About two weeks into our stay at the Beacon Hotel I happened to chip a tooth. Some friend advised me to visit a dentist they heard about in Lower Manhattan. He was well known because he’d been there for some years…and didn’t charge the earth. De and I made an appointment and trotted down to see him. His name was Sidney I. Berger DDS (Implants, Prosthetics and Cosmetics). The whole wall of his waiting room was completely covered with plaques: every dental qualification you’ve ever heard of, including at least two PHD’s and numerous citations from universities. In fact the only thing missing was a Nobel prize for dental surgery…I felt in very safe hands.

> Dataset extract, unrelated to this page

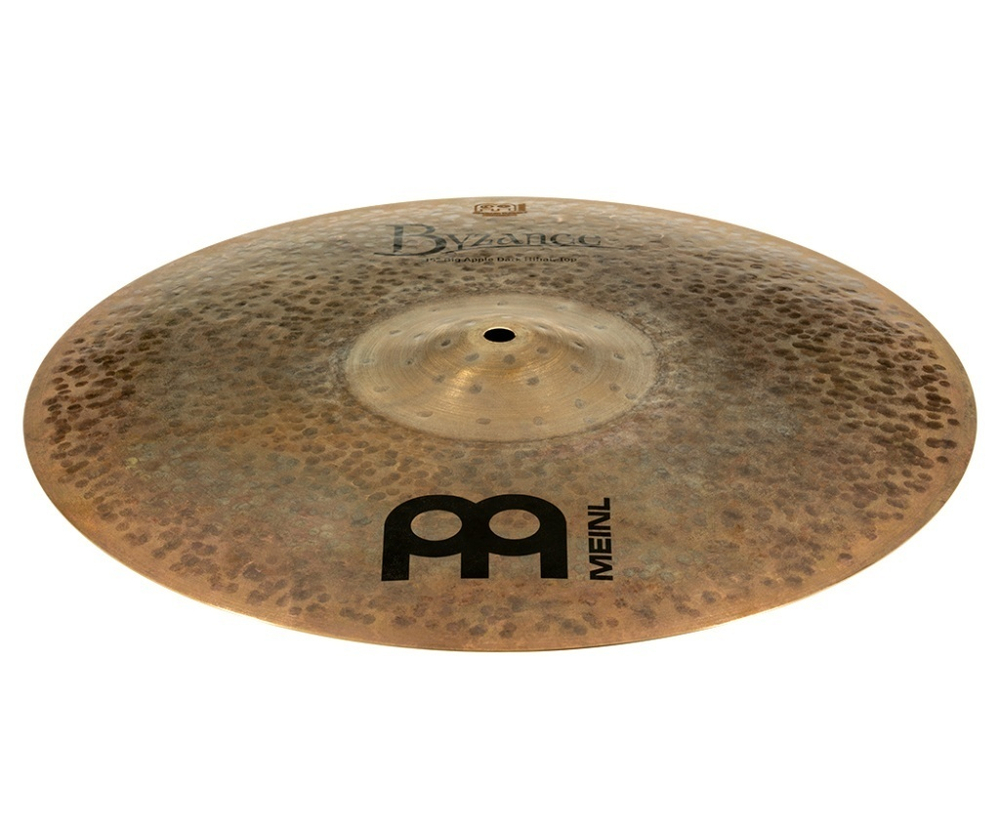 Две тарелки 15" Meinl B15BADAH Byzance Dark Big Apple HiHat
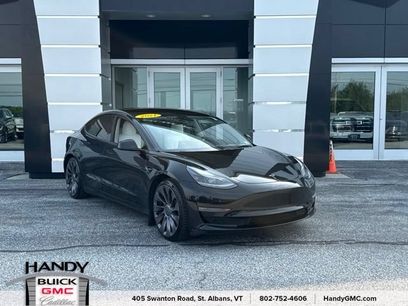 Used 2021 Tesla Model 3 Performance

Finally he entered the room (no nurse in sight) and came over and shook my hand. He was tall, with a mop of grey hair, but his teeth were out of this world…they were perfect, snow white and all thirty two in place. Then I recalled the award for implants.

His equipment was primitive and very basic but the drill was fine, although a squirt of WD40 would have helped a bit. Quite out of the blue he asked:
    “How old are you?”
    “Eighty…”
    “I can remember when I was eighty…”
I sank further into the antique dental couch…and still no nurse.

We joked about the memories of the second world war and distant retirement. But then came his pet subject: Photography.
    “They don’t do photos the way we did them.”
I agreed, just for peace sake…besides, he was still brandishing the drill in his shaky right hand. But my façade of interest became infectious and before long he invited De and I to view his photographic collection and slide room…a BIG mistake. The slides were a standard I discarded when I turned eighteen and the original camera was nowhere to be seen (like the dental assistant). After fifteen minutes of slide agony we paid our bill and beat a very hasty retreat.

A few days later I was back in his chair while he ground, buffed and polished what should have been completed during the first visit.